> WHAT IS EXPECTED
Pictures are to be left out, and every entry repeated exactly.

----

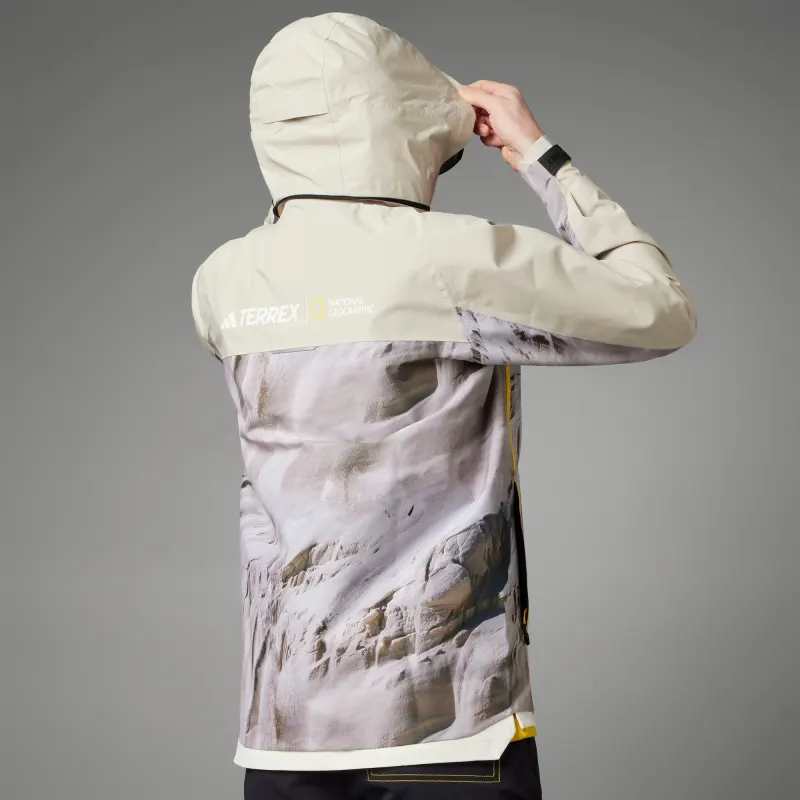 Adidas Outdoor Hiking Water-Resistant Windproof Other Windbreaker Jacket Women's Earth Yellow-5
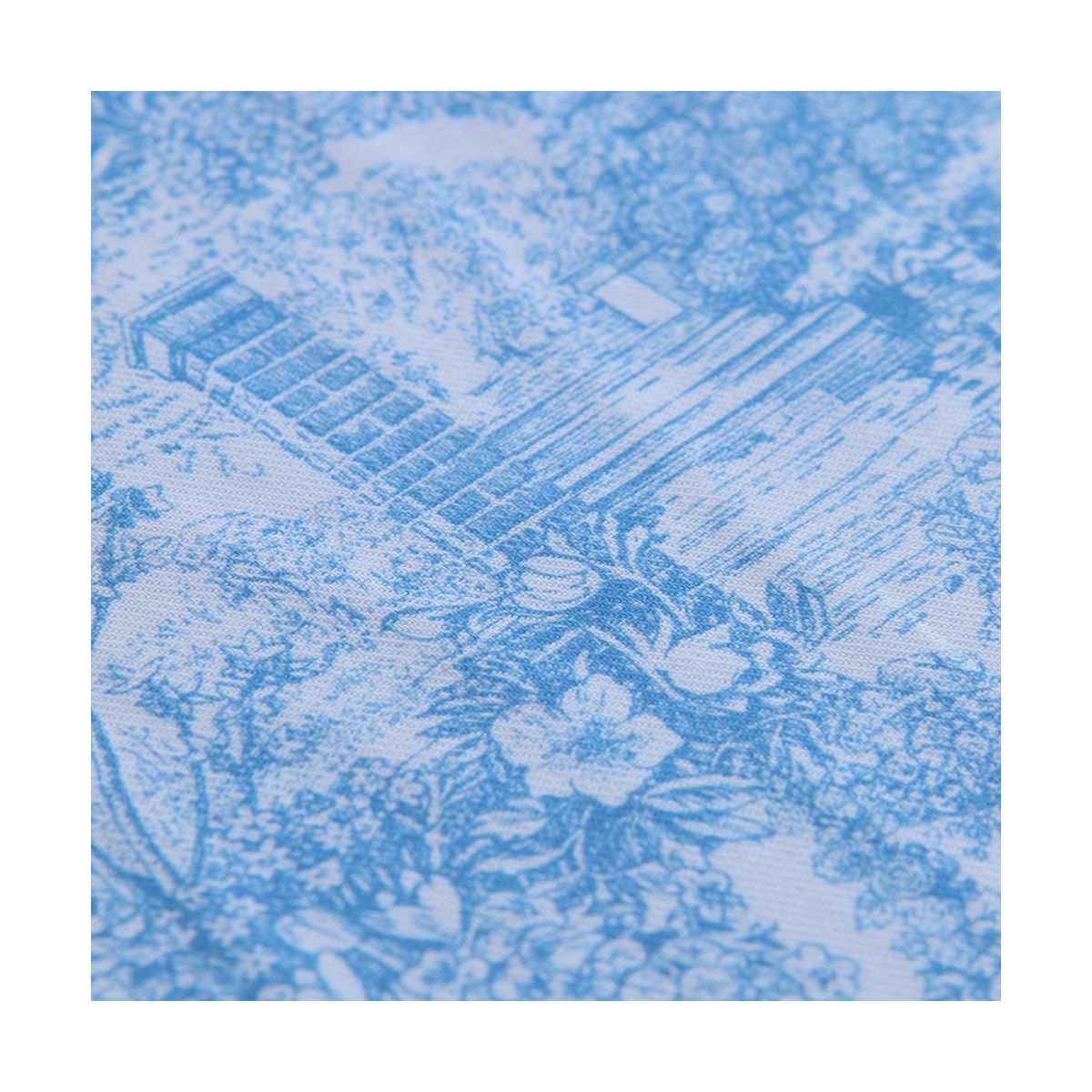 Popeline légère sergé de coton organique imprimé toile jouy bleu celeste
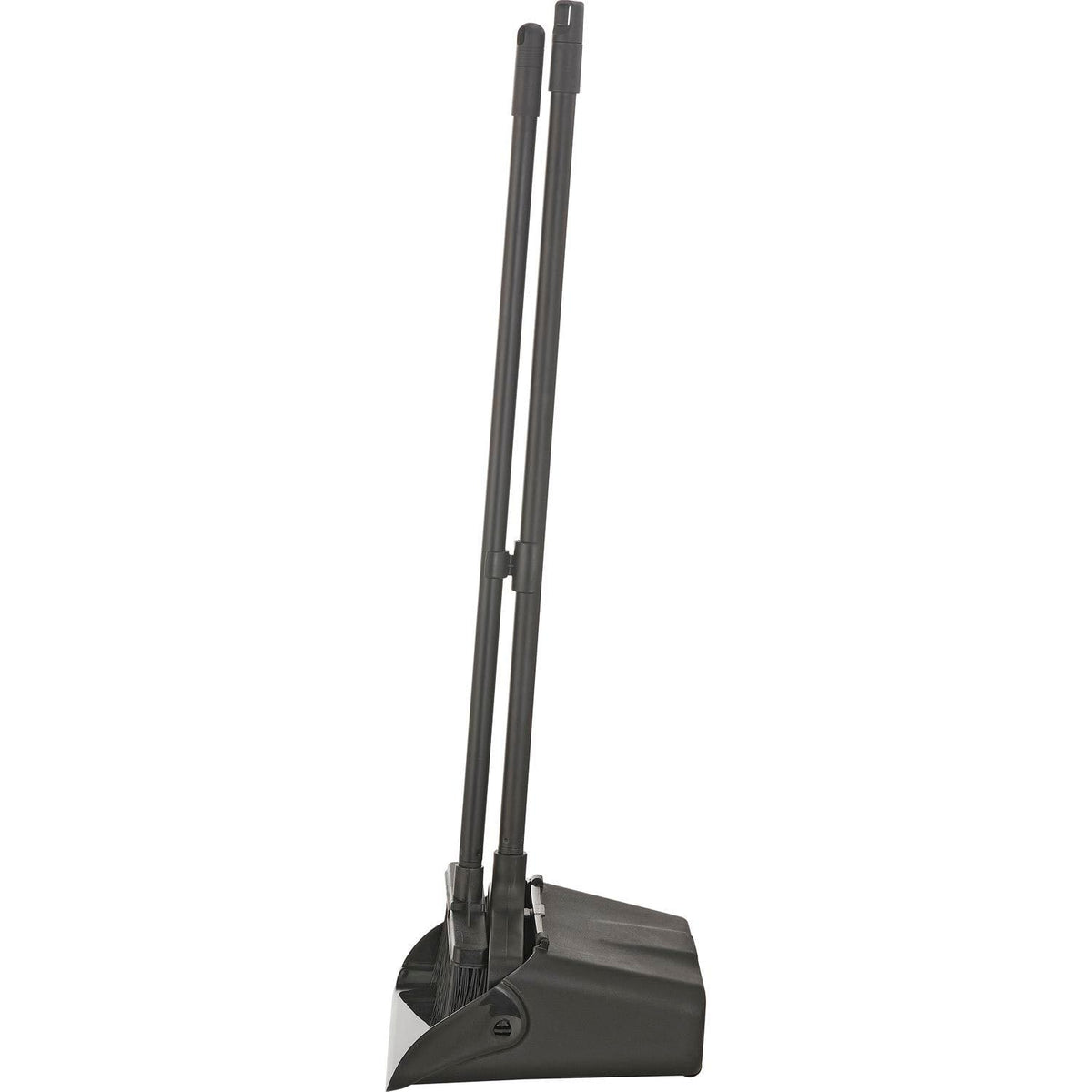 Upright Dust Pan & Lobby Broom Combo Kit by Global Industrial – 36"L x 13"W x 4"H, Plastic, Black, Model 261790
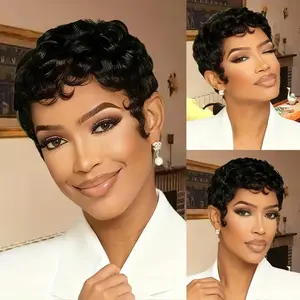 Short Curly Pixie Cut Wig for Black Women Brazilian Human Hair Glueless Short Layered Wigs With Bangs  Black Color No Glue Wear and Go Human Hair Wig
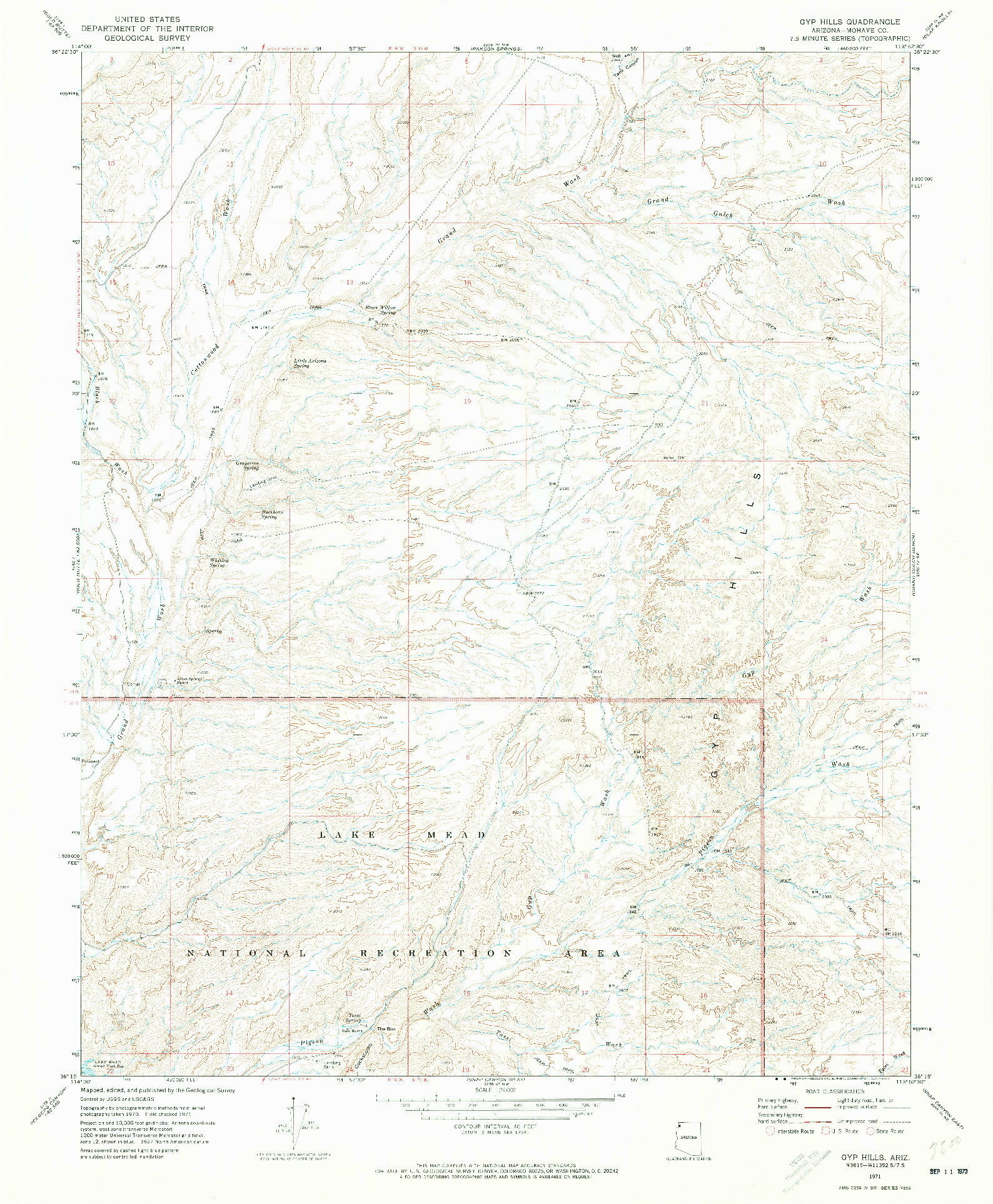 USGS 1:24000-SCALE QUADRANGLE FOR GYP HILLS, AZ 1971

----

> ANSWER TO THIS TASK
 Adidas Outdoor Hiking Water-Resistant Windproof Other Windbreaker Jacket Women's Earth Yellow-5
 Popeline légère sergé de coton organique imprimé toile jouy bleu celeste
 Upright Dust Pan & Lobby Broom Combo Kit by Global Industrial – 36"L x 13"W x 4"H, Plastic, Black, Model 261790
 Short Curly Pixie Cut Wig for Black Women Brazilian Human Hair Glueless Short Layered Wigs With Bangs  Black Color No Glue Wear and Go Human Hair Wig
 USGS 1:24000-SCALE QUADRANGLE FOR GYP HILLS, AZ 1971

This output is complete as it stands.